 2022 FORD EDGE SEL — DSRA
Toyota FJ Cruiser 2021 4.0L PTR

==

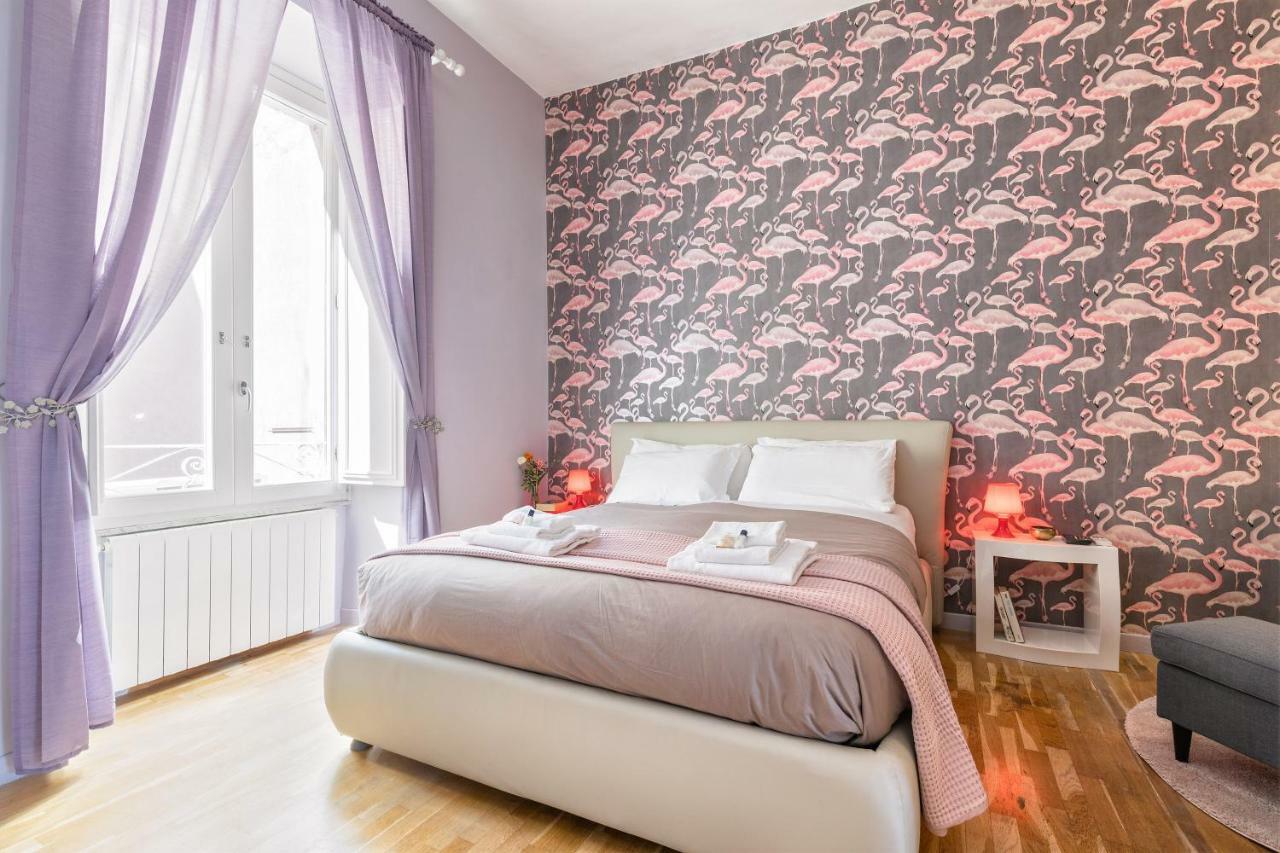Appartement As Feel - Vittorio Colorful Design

### [WHAT THIS TASK INVOLVES]
For the lines above, output exactly those from the line containing "2022 FORD EDGE SEL — DSRA" through the line containing "Toyota FJ Cruiser 2021 4.0L PTR", and skip the others.

### [WORKED SOLUTION]
 2022 FORD EDGE SEL — DSRA
Toyota FJ Cruiser 2021 4.0L PTR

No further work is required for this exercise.